SMBC has expanded its equity ownership of Jefferies from 15% to up to 20%, maintaining a less than 5% voting interest, as the companies further their strategic alliance.

Jefferies took eighth place in Dealogic’s investment banking rankings by global revenues for the first nine months of 2025, with a 2.8% share of the market and a reported US$1.9 billion in revenues. In equity capital markets, it was in sixth place with US$315 million in revenues and a 3.2% market share.

It did not break into the top ten in APAC.

READ MORE: Citi reaps hiring spree benefits, JP Morgan declines in EMEA rankings

SMBC Group is also providing the firm with approximately US$2.5 billion in credit facilities. These funds will be used for overall support and for collaborative efforts between the companies, including EMEA leveraged lending, US pre-IPO lending, and asset-backed securitisation.

The companies have also shared plans to expand their coverage of larger sponsors across EMEA.

The announcement builds on a strategic alliance initiated in 2021, designed for cooperation on corporate and investment banking business opportunities.
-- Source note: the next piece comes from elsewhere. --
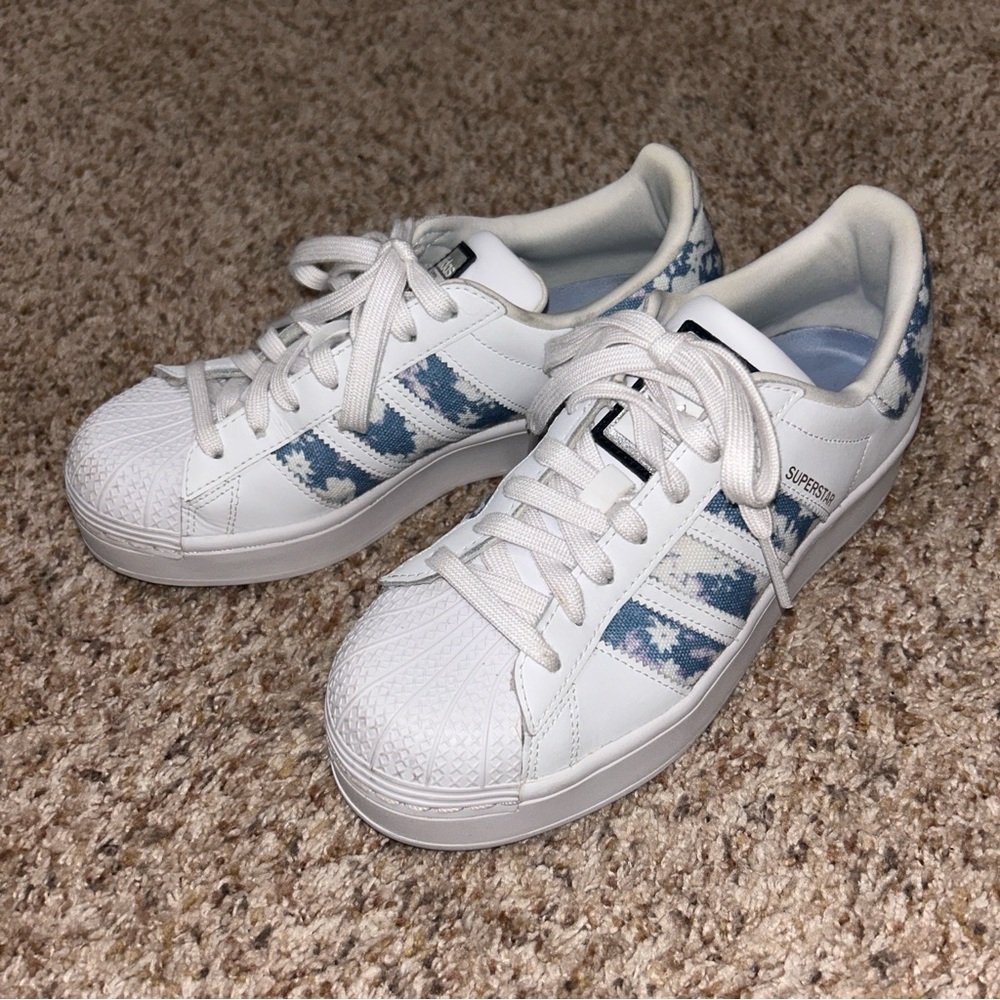 Adidas Women's 7 Superstar Dreamy Floral - Picture 3 of 9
It was expanded in 2023 to cover mergers and acquisitions, equity and debt capital markets, with a focus on investment grade (IG) clients in the US.

Later MoUs were signed to extend this agreement to the EMEA region, Canada, Asia and Australia, and to offer the firms’ joint coverage initiatives to larger global sponsors, pre-IPO companies and sub-IG corporate clients.

Freeman emerges at big xyt

Mark Freeman, sales director, Big Xyt
Mark Freeman, sales director, Big Xyt

Mark Freeman has joined data provider big xyt as a sales director. He is based in London.

In Global Trading’s pre- and post-trade buy-side survey, 5% of respondents named big xyt as the best third-party provider for pre-trade analytics. For post-trade analytics, the company took a 4% share of the votes.

READ MORE: Trading under the microscope

Freeman has more than 40 years of industry experience, and joins the firm after a three year sabbatical. He was head of electronic sales and sales trading at Kepler Cheuvreux between 2008 and 2022, before which he was vice president of institutional sales at NYFIX (now part of Broadridge Trading and Connectivity Solutions).

Earlier in his career, Freeman covered institutional and hedge fund sales at Portware, UK institutional and hedge fund sales at ITG Europe, and was head of UK sales at Instinet Europe.